McAfee has bought Finnish network security outfit Stonesoft for $389 million in cash. It’s the biggest purchase the U.S. giant has made since it was itself bought by Intel for $7.68 billion back in 2010.
Although it’s always been very important, network security seems to be attracting an increasing amount of attention these days, largely due to high-profile hacks. The Stonesoft acquisition, should it go through the usual regulatory hoops, will give Intel a boost in the areas of firewalls, evasion prevention systems and secure VPN services.

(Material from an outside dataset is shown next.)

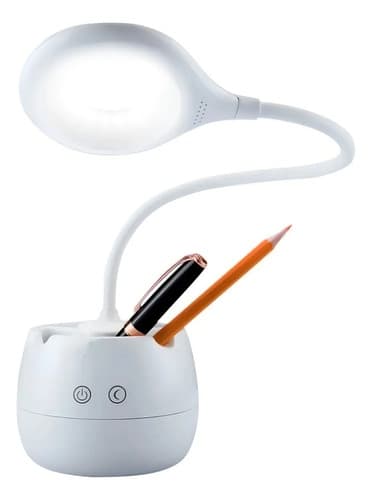 Lámpara Flexible Led Usb Todo Todo Escritorio Con Portalápices Blanco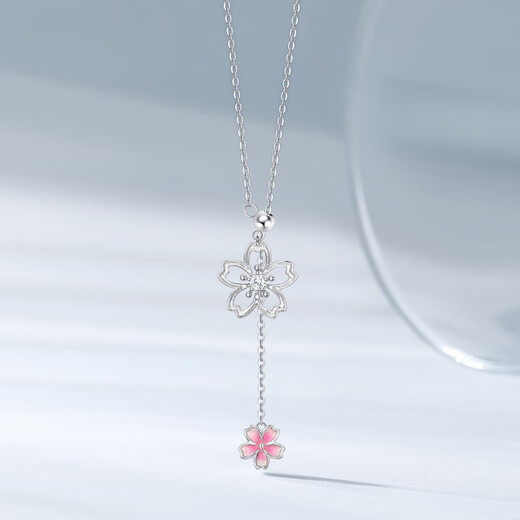 Chao Acer Platinum Sakura Platinum Diamond Necklace for Women PT950 Neck Accessories Chain Pendant Brilliant Birthday Gift for Girlfriend Chain Length Approximately 45cm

Here’s how McAfee president Michael DeCesare put it in a statement on Monday morning:
“With the pending addition of Stonesoft’s products and services, McAfee is making a significant investment in next-generation firewall technology. These solutions anticipate emerging customer needs in a continually evolving threat landscape.”
McAfee will blend Stonesoft’s services with its own existing portfolio, in particular its IPS Network Security Platform and its Firewall Enterprise product, and it looks like Stonesoft’s “next-generation” firewall will continue to be a product in its own right. In the statement, Stonesoft CEO Ilkka Hiidenheimo noted that “the combination of the two companies allows Stonesoft to benefit from McAfee’s global presence and sales organization of over 2,200 employees, best-in-class threat research and technology synergies.”

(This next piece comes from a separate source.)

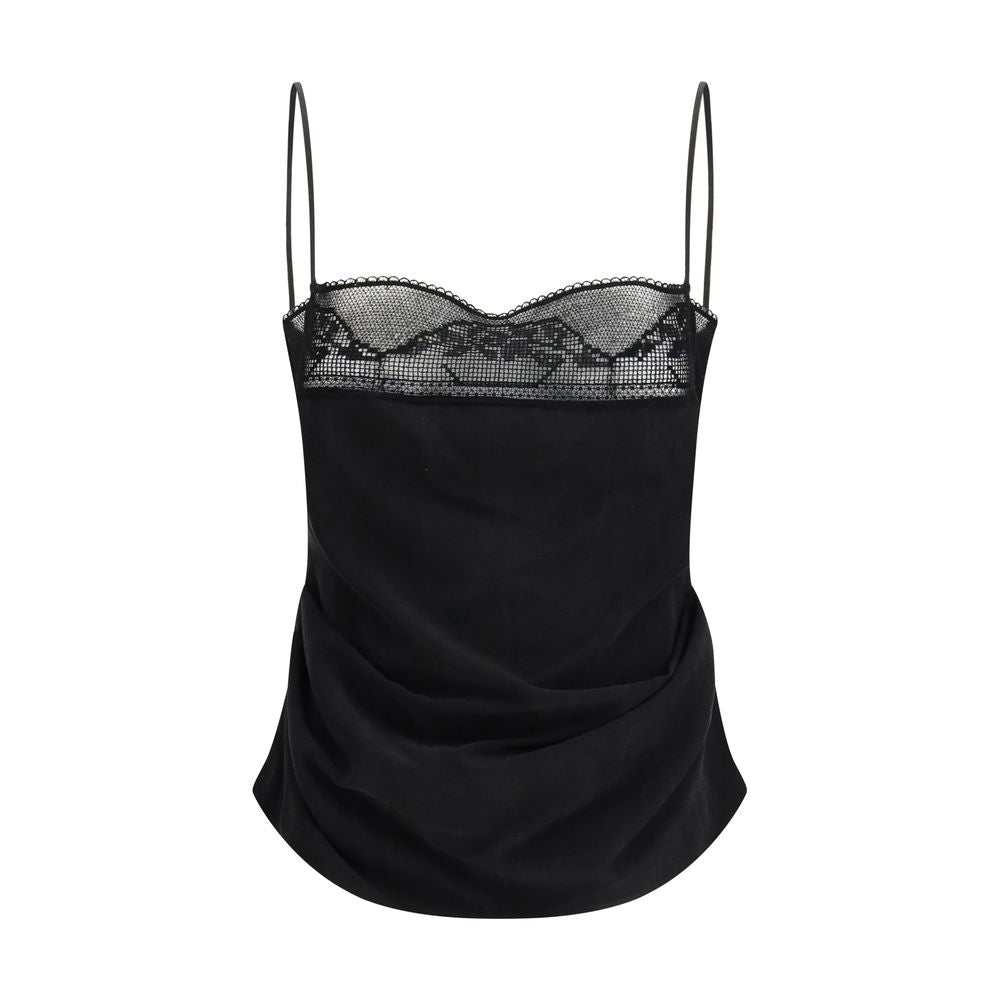 Magda Butrym Black Silk Top with Lace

Intel said in January that it intended to “deliver more integrated solutions and comprehensive protection across mobile devices, endpoints, servers, and network through an extensible framework,” and would embark on a series of acquisitions, development initiatives and new partnerships to do so. The Stonesoft buy appears to be a pretty loud shot in that salvo.

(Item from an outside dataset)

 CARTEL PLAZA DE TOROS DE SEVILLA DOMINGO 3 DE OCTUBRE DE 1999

Stonesoft’s secret sauce is its Security Engine, which can adapt to act as firewall, unified threat management system, server load balancer or VPN concentrator as needed. The company’s military-grade firewalls can be deployed as software or in the form of hardware or virtualized appliances. It’s not yet clear what will happen to the parts of Stonesoft’s portfolio not mentioned in the statement, such as its intrusion prevention system, which is also powered by the Security Engine.